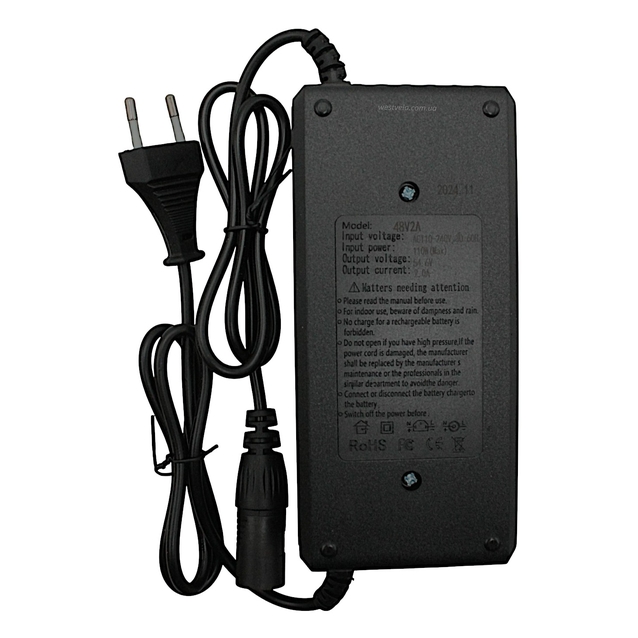 Зарядний пристрій (48V 2Аh) (93460), для Li-ion акумуляторів, для електровелосипеда фото westvelo.com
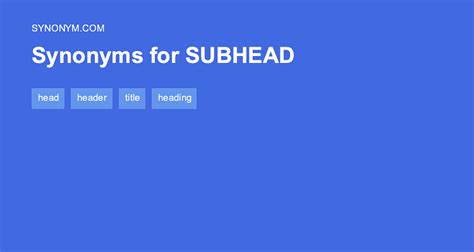 Another word for SUBHEAD > Synonyms & Antonyms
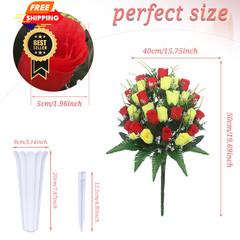 Hibsotco Artificial Cemetery Flowers with Vases 2 Sets 19 inches, Red Yellow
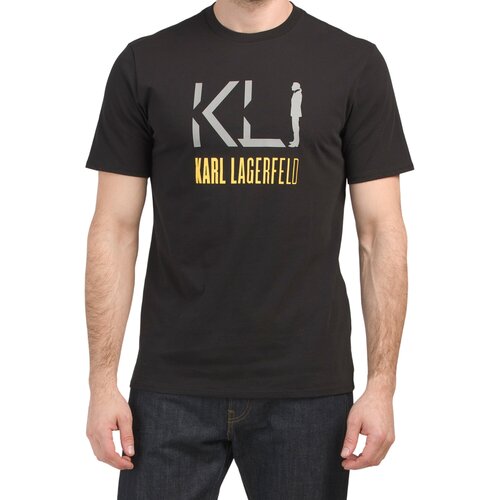 Футболка Karl Lagerfeld, хлопок, принт надписи, дышащий материал, трикотаж, размер L, черный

══════

_TRY IT_. Retype the lines above exactly, no pictures.

_ANSWER BELOW_.
 Зарядний пристрій (48V 2Аh) (93460), для Li-ion акумуляторів, для електровелосипеда фото westvelo.com
 Another word for SUBHEAD > Synonyms & Antonyms
 Hibsotco Artificial Cemetery Flowers with Vases 2 Sets 19 inches, Red Yellow
 Футболка Karl Lagerfeld, хлопок, принт надписи, дышащий материал, трикотаж, размер L, черный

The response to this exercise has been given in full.